Click here to view the complete list of archived articles
This article was originally published in the Spring 2009 issue of Methods & Tools
When Good Architecture Goes Bad
Mark Dalgarno, mark @ software-acumen.com
Software Acumen, www.software-acumen.com
Every developer eventually encounters it at some stage in his or her career – the code that no one understands and that no one wants to touch in case it breaks. Sound familiar?
But how did the software get that bad? Presumably no one set out to make it like that? The answer is that the software is suffering from Software Erosion – the constant decay of the internal structure of a software system that occurs in all phases of software development and maintenance
At the architectural level, Software Erosion is seen in the divergence of the software architecture as-implemented from the software architecture as-intended. Note that when talking about the architecture as-intended I’m not speaking here about the initial planned architecture of the software system. Software architectures should evolve over time – this is to be expected as new requirements emerge – so the intended architecture is what your current conception of the architecture is. With software erosion what we’re talking about are unintended modifications or temporary violations of the software architecture.
The problem with software erosion is that its effects accumulate over time to result in a significant decrease in the ability of a system to meet its stakeholder requirements. Unless you take steps to actively pinpoint and stop software erosion it will gradually creep up on you and make changing the software further significantly harder and less predictable. In the worst case it could lead to the cancellation of the project or, for particularly significant projects, the closure of the business.
Types of Software Erosion
To begin to tackle software erosion you need an understanding of how it typically shows itself. Common types of software erosion include:
A well-known example of software erosion was highlighted in a reverse-engineering experiment on two separate versions of ANT some years ago. ANT V1.4.1 (11 October 2001) and ANT V1.6.1 (12 February 2004) were reverse-engineered and the results were compared.

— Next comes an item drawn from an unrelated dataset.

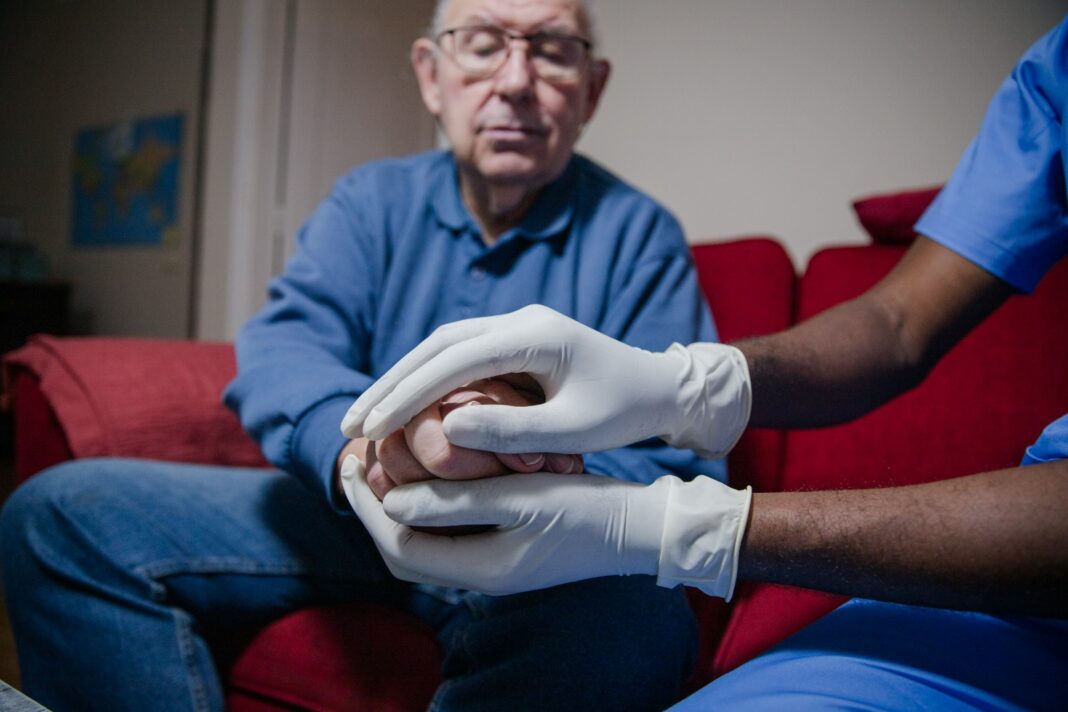 FDA aprueba dispositivo cerebral inteligente: nueva era para el Parkinson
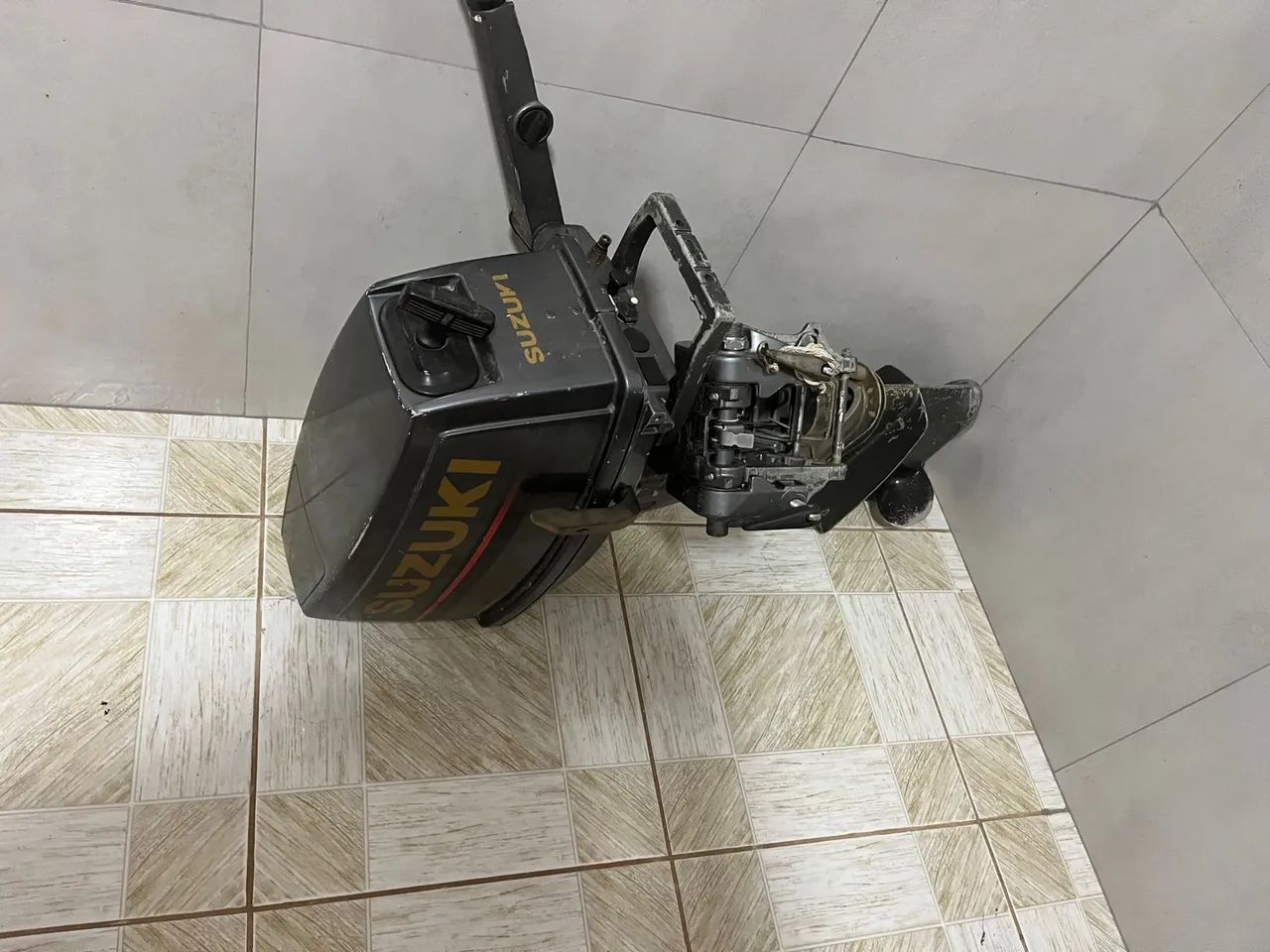 Kit - carretinha 2023 + canoa 5mt + motor 15hp suzuki - Foto 10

At the time ANT was built in three layers, from the top-down these were taskdefs, ant, utils. In the earlier version these layers were well separated and the ant layer was monolithic but small. In the later version the ant layer was still monolithic but had now become very large – making it harder to understand and work with. More problematically a new upward dependency from the lower-level ant layer to the top-level taskdefslayer had been introduced.
These types of erosion problems lead to code that is hard to understand, hard to modify and hard to test. But how do you know whether you’re suffering from software erosion?
Are you suffering from Software Erosion?
Perhaps the first thing to observe is that most projects will suffer from software erosion at some stage unless there is a conscious effort to pinpoint and stop such erosion. Even projects that are relatively short-lived can suffer from it. One example I have heard about involved a software project that had to be scrapped after only 6 months because it had already eroded badly.
There are some common things you can look out for when deciding how badly your software is suffering from software erosion:
At a detailed level, software erosion results in problems such as code living in the wrong place, layering violations (as seen above in the ANT example), complex cycles insufficient decomposition, big packages etc.
Costs of Software Erosion
It can be hard to measure the cost of software erosion and convey this cost to non-technical people who often have to sanction work to stop software erosion. Even though software erosion causes reduced productivity, reduced quality and increased time-to-market, no one specific point of erosion causes these effects in isolation, rather it is the effect of multiple points of erosion that combine and reinforce each other to cause them.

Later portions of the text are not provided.